Bioinspired Self-Repairing Slippery Surfaces with Pressure-Stable Omniphobicity
Entry by Emily Redston, AP 226, Spring 2012
- Work in progress*
Bioinspired self-repairing slippery surfaces with pressure-stable omniphobicity by T.S. Wong, S.H. Kang, S.K.Y. Tang, E.J. Smythe, B.D. Hatton, A. Grinthal, and J. Aizenberg. Nature 477, 443-447 (2011)
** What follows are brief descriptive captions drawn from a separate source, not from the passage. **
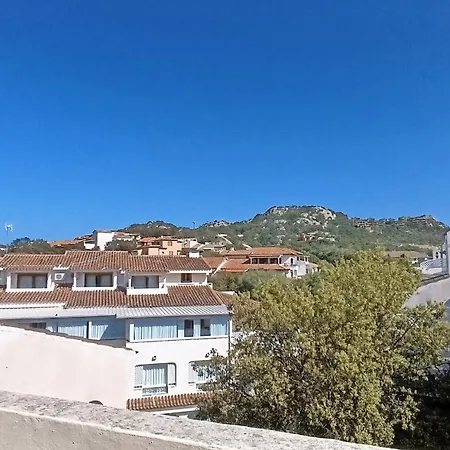 Apartmán Duplex Mare By Ca-sa Check Porto Rotondo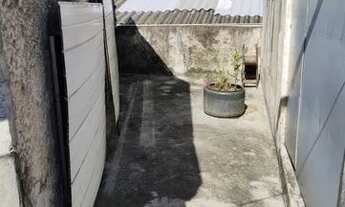 Imagem 3: Casa para aluguel com 28 metros quadrados com 1 quarto em Vila Formosa - São Paulo - SP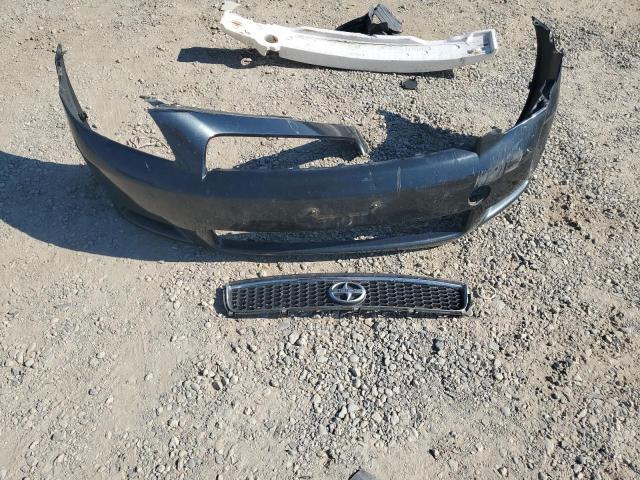 JTKDE177260132822 - 2006 TOYOTA SCION TC 灰色 照片 12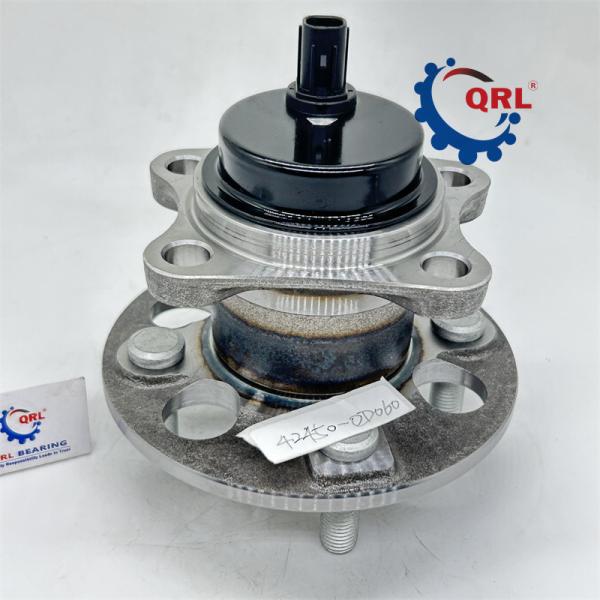 42450-0D060 42450-52060 Wheel Hub Assembly Toyota Yaris Prius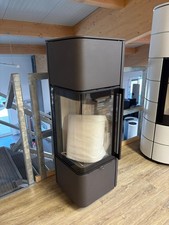 Spartherm Cubo S RLU Titan Kaminofen Schwedenofen Ausstellungsgerät 1084341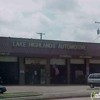 Lake Highlands Automotive gallery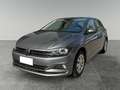 Volkswagen Polo Polo 1.0 TGI 5p. Trendline BlueMotion Technology Grigio - thumbnail 1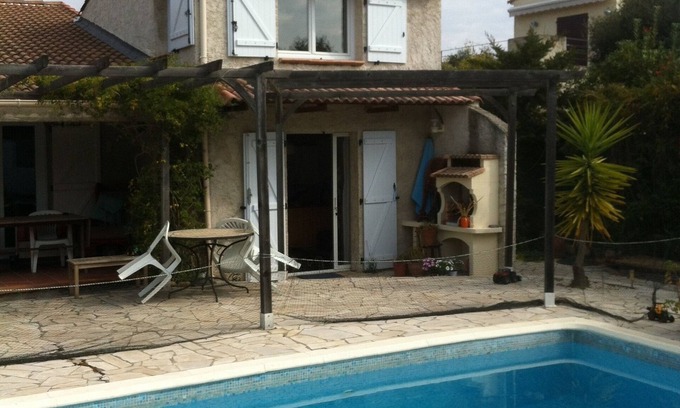 Cauro Apartamento | DUPLEX a la semaine PORTICCIO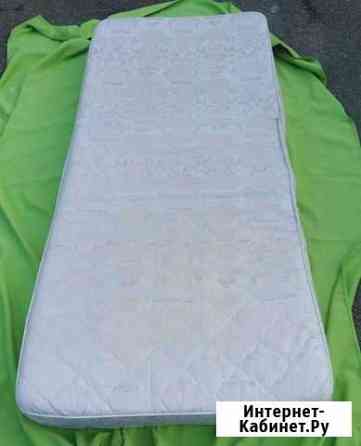 Матрас ортопедический 90*200 см Краснодар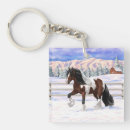Search for gypsy key rings Horses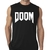 Remera Doom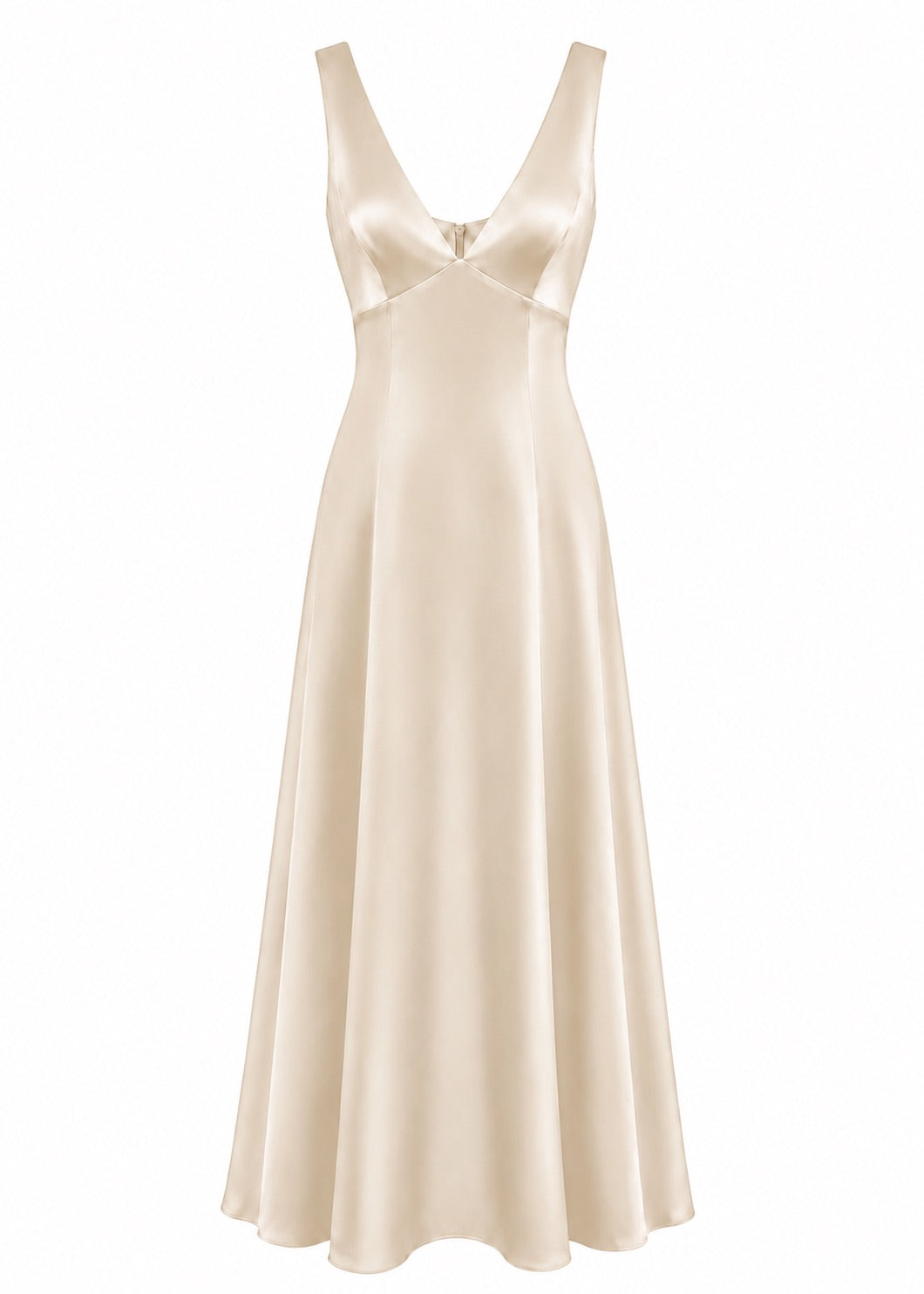 Calista Maxi Dress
Researchers have classically drawn inspiration from the lotus effect when designing synthetic liquid-repellent surfaces. However, this approach has several inherent limitations, restricting its applicability. For instance, this method does not work well with organic liquids or complex mixtures with low surface tensions. Therefore, in this paper, the authors propose an alternative approach that derives from systems like the Nepenthes pitcher plant. Instead of using the structures to repel impinging liquids directly, these systems use them to lock-in an intermediary liquid that then acts by itself as the repellent surface.
Some Neat Videos
Movie 1 -- This movie demonstrates the fast recovery of the liquid-repellent function of a SLIPS after critical physical damage. As seen from the movie, the crude oil droplet is pinned on a nanostructured superhydrophobic surface (without lubricating fluid), while the droplet maintains its mobility on the SLIPS. Extra-light crude oil (from Appalachian Basin, USA) was used as the test liquid for demonstration.
Movie 2 -- This movie demonstrates the excellent ice-repellency of a SLIPS, as compared to a nanostructured surface. As seen from the movie, an ice block (formed from a frozen water droplet of ˜100 µL at –4 °C and ˜45% relative humidity) slides on the SLIPS under the influence of gravity. In comparison, an ice block of the same volume remains strongly pinned on a superhydrophobic nanostructured surface without a lubricating layer. This movie corresponds to Fig. 4c in the main text.
Movie 3 -- This movie demonstrates the self-cleaning ability of a SLIPS. As seen from the movie, carbon dust is seeded onto the SLIPS and can be easily removed by sliding an ethanol droplet across the surface. This movie corresponds to Fig. S7a in the Supplementary Information.